Verónica se entristeció con la idea de trabajar durante el verano, se había esforzado en aprenderse las tablas de multiplicar, mejorar su lectura en voz alta y memorizar el ciclo del agua, pensando que tenía bien merecido el poder levantarse tarde para salir a merodear por el pueblo, subirse a los árboles frutales hasta empaparse los ojos con el viento del medio día y lograr ver a las luciérnagas una vez que cayera la noche. Además, siempre procuraba ser bien portada con su abuela, la ayudaba con el mandado y la acompañaba a oír misa los domingos.
Pronto llegó su primer día, en una mañana especialmente calurosa. La luz del sol se filtraba por las cortinas directo hacia el rostro de Verónica, haciendo que se despertara desde temprano; el bochorno se había encerrado en la habitación a pesar del techo de teja. La niña caminaba arrastrando los pies, a paso lento y entorpecido por la canícula. El lugar era una especie de bodega, con el piso de cemento y las paredes encaladas, había tres mesas rectangulares de madera en el centro llenas de niños y adolescentes.

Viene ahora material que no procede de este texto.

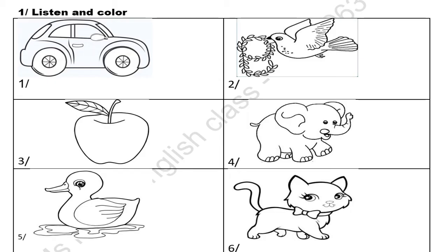Listen and color. Number one: what is this? It's a car. What color is it? It's red. Number two: what is this? It's a bird. What color is it? It's blue. Number three: what is this? It's an apple. What color is it? It's green.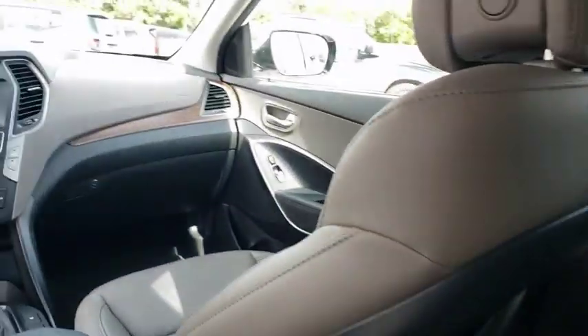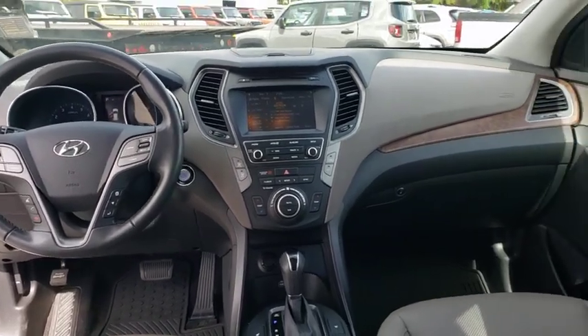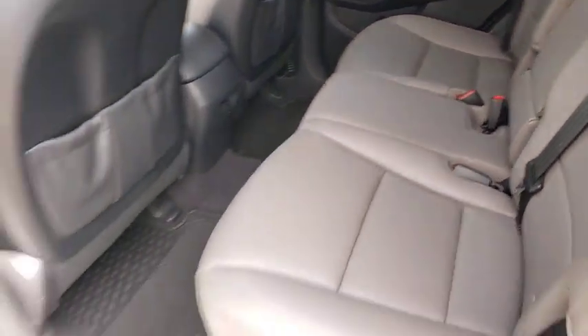Leather-wrapped steering wheel, power steering, adjustable steering wheel, cruise control, keyless start, aluminum wheels, four-wheel disc brakes, auto-dimming rear-view mirror, rear defrost.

Quien dirigía la fábrica era un señor llamado Agustín, tenía bigote y una gorra de mezclilla que intentaba ocultar sus entradas. Le explicó cómo funcionaban las cosas. En la primera mesa se preparaba el yeso con agua y se rellenaban los moldes de las figuras religiosas, después se esperaba a que fraguaran y secaran para finalmente desmoldarlas. En la segunda mesa se lijaban las figuras hasta quitarles todas las imperfecciones, aquí trabajaban los niños más pequeños. En la tercera mesa pintaban a los santos, con un aerógrafo se daba color a la piel y a la vestimenta para después esclarecer los detalles del rostro con un pincel mucho más fino, en esta última se ubicaba Marcela.
Le tocó trabajar en la segunda mesa, aunque le hubiera gustado que le asignaran la tercera, para mezclar pinturas hasta dar con el tono adecuado y pintar el destello en los ojos de los santos con ese pincel tan pequeño. Lijar las figuras era una tarea simple y tediosa que la aburría, además el polvo desprendiéndose del yeso provocaba que no parara de estornudar y el sonido de las lijas hacía que escalofríos le recorrieran el esternón mientras se le erizaba la piel. Se pagaban diez pesos por cada santo lijado, de modo que si lograba lijar diez santos podría conseguir cien pesos en un solo día. De fondo se escuchaba una radio que a ratos perdía la señal, pero no tocaba música, solo el noticiero o radionovelas. Agustín decía que la música les hacía perder la concentración, pero igual le gustaba tener algo para él entretenerse.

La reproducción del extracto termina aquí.